The last two episodes of Game of Thrones have each been phenomenal in their own individual way. Whether it be the chaotic, dramatic scenes of “The Old Gods and the New” or the intense, witty dialogue of “A Man Without Honor,” the bar has certainly been raised this season. The antepenultimate episode of season 2, “The Prince of Winterfell,” certainly falls short to its recent predecessors, but only because of the sheer brilliance of those two episodes. On its own, this week’s installment is still quite entertaining and delivers memorable one-liners (“Why are the Gods such vicious c*nts? Where is the God of tits and wine?”). Nevertheless, while previous weeks left viewers with questions regarding the fate of characters, this week left me questioning the general storytelling.
We pick up immediately where we left off last week with Theon Greyjoy having hanged and burned what appears to be the escaped Stark boys.

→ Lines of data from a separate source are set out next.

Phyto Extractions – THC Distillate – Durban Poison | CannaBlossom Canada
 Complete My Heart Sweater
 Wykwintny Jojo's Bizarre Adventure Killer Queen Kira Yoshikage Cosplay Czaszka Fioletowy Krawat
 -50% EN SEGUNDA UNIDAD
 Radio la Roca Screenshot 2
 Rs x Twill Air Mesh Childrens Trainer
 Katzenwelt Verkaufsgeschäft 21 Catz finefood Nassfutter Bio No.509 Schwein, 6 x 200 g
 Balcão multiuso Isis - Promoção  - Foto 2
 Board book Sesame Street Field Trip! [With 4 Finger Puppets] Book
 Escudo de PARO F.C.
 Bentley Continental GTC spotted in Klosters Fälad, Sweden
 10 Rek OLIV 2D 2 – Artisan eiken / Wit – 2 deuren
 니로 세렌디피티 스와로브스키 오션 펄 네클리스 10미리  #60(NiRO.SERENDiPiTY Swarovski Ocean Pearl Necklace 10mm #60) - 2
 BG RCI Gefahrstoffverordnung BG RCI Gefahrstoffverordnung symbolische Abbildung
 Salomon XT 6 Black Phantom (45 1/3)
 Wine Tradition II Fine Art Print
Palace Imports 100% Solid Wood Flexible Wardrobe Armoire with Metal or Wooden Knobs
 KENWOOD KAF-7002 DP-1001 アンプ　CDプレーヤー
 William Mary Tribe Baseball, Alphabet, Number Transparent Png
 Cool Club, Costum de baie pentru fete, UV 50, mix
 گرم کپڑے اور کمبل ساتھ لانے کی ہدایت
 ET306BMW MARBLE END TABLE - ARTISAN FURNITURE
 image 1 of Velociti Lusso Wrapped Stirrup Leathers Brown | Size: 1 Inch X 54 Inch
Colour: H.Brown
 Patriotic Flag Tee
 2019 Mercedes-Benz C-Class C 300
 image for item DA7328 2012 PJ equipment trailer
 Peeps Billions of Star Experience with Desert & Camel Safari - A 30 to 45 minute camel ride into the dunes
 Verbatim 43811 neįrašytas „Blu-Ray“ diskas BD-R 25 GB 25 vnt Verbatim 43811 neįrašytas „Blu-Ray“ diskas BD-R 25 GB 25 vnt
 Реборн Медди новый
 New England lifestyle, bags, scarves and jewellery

The episode’s title having clearly been named after him, Theon was ironically not the centerpiece of this week. Rather, Theon commences the episode with a scene in which his sister, Yara, attempts to put him back in his place, and he finishes the episode by hinting that maybe he’s known the true fate of the Stark boys all along. I’m not certain how much of a revelation it was to the viewers that the Stark boys were alive and hiding right under Theon’s nose, but considering that it was last week’s cliff-hanger, it was surprisingly downplayed in this episode.
Another storyline that was questionably downplayed this week was that of Daenerys and the self-proclaimed king of Qarth. I paid attention: there were less than four minutes remaining in the episode when she finally appeared on screen, and only half of those four minutes were dedicated to her. The scene, however, was still very good; witnessing the conflict between Daenerys’ stubbornness and Jorah not wanting her to walk into a certain trap.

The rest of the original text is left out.